Monday, December 28, 2015

The Work by Wes Moore

I saw Wes Moore speak at a United Way event this year.  As part of attending the event, I received a copy of his book, The Work.  I now hope to go back and read his first book, The Other Wes Moore.  The book is about searching for one's life work.  Searching for work that can be tied to meaning.

It is interesting to think about the search for meaning as I just read a story this morning about ultramarathon runners (i.e., people who run races longer than marathons) and the search for meaning in The New Yorker.  (You can read it here if you wish.) 
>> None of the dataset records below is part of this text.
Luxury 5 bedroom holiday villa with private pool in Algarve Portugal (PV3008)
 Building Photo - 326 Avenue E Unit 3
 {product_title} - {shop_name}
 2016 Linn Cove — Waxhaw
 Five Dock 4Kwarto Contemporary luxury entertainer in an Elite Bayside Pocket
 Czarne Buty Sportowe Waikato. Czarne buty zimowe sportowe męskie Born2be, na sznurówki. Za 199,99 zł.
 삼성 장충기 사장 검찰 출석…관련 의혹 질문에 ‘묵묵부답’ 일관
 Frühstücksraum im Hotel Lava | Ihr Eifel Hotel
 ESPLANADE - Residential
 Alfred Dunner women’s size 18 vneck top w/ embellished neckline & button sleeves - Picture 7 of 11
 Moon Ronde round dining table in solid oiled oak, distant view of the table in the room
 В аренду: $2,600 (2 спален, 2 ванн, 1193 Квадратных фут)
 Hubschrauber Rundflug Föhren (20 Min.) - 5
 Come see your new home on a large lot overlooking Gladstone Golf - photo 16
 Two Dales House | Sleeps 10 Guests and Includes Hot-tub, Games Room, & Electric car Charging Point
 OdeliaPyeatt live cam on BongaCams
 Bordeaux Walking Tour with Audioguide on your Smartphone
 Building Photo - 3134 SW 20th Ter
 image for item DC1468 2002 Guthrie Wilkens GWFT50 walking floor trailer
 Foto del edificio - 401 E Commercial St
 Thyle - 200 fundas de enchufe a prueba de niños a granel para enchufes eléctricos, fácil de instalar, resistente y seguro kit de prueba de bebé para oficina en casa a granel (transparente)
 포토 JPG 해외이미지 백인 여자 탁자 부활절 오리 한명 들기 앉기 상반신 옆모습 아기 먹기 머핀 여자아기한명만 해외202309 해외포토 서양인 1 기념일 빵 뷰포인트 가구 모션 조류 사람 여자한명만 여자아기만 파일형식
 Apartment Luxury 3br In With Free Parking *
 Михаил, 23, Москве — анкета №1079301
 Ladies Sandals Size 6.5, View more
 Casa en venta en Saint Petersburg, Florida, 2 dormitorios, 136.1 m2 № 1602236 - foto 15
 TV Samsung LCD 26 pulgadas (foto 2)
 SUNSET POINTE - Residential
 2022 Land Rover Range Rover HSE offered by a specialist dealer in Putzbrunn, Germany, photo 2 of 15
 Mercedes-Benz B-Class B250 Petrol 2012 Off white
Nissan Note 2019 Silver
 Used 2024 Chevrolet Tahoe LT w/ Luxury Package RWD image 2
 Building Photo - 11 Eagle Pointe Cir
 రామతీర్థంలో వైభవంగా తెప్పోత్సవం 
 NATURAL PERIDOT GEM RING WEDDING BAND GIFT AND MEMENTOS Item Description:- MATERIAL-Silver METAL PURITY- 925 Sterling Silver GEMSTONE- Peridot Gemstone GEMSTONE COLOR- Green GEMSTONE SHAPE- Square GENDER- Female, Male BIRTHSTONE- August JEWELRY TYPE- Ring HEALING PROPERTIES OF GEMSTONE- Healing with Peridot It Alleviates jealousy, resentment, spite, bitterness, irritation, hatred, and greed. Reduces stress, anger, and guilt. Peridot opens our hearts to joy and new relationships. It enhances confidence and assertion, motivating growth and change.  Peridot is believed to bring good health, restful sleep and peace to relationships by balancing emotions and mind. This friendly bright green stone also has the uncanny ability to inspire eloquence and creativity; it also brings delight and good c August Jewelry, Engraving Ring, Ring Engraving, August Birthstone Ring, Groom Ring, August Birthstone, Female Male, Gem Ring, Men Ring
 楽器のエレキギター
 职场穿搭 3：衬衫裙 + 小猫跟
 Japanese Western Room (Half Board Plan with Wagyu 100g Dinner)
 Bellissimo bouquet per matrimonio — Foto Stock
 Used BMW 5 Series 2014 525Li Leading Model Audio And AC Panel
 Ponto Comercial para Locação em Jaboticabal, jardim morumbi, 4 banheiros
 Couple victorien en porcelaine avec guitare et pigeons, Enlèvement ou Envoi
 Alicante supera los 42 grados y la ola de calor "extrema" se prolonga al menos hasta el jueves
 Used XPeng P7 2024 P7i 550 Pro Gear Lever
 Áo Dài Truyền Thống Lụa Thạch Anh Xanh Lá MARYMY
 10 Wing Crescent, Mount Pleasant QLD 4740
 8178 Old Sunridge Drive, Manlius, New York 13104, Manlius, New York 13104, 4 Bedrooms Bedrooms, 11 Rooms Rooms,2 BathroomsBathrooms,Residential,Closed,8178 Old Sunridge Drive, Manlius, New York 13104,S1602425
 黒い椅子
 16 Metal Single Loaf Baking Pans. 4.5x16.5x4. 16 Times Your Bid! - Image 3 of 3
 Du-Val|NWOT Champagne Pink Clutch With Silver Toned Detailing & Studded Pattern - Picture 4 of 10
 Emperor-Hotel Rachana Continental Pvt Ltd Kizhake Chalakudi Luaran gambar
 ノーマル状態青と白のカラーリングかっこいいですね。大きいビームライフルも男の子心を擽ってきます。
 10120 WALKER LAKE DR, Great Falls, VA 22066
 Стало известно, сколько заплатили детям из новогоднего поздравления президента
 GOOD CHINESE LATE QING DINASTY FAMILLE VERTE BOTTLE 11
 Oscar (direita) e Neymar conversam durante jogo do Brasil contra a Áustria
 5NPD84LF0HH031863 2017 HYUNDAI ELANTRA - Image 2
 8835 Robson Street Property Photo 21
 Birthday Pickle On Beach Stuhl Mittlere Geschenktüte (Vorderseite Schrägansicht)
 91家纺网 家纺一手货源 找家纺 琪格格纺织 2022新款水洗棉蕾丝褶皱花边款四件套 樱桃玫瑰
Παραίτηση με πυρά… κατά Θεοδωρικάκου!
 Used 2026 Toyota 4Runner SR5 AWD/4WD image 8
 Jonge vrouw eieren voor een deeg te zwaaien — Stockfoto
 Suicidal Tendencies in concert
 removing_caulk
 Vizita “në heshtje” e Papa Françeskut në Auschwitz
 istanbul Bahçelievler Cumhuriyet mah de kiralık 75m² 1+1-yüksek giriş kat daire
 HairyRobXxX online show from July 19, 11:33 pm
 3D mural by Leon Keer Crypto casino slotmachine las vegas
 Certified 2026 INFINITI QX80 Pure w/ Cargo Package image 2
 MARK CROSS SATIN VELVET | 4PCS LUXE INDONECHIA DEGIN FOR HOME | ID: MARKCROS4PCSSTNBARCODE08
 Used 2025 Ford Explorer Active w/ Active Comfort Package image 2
In any case, I wanted to comment briefly on four things I read in the book.  First, is a quote that Wes Moore attributes to former Johns Hopkins President Bill Brody, "...every day you say longer than you have to, you become extraordinarily ordinary."  This was with reference doing something that a person is not passionate about. I am lucky to be passionate about my present job.  I was passionate about my previous job.  But one of the reasons I made the change from being "just" a faculty member to faculty and administrator is that I was no longer so passionate about being just faculty.  And when I become non-passionate about running, some day (if that ever happens), I'll give it up and find something else to turn my attention to.  And if I ever find that sharing my thoughts through writing is not something I'm passionate about any longer (although I find that unlikely as I did creative writing for fun as early as when I was nine), I'll find another way to express myself.  And if I find that one way of reaching out and helping others is no longer something about which I'm passionate, I'll find something else.  But, again, I expect to always find helping others to be something about which I will be passionate.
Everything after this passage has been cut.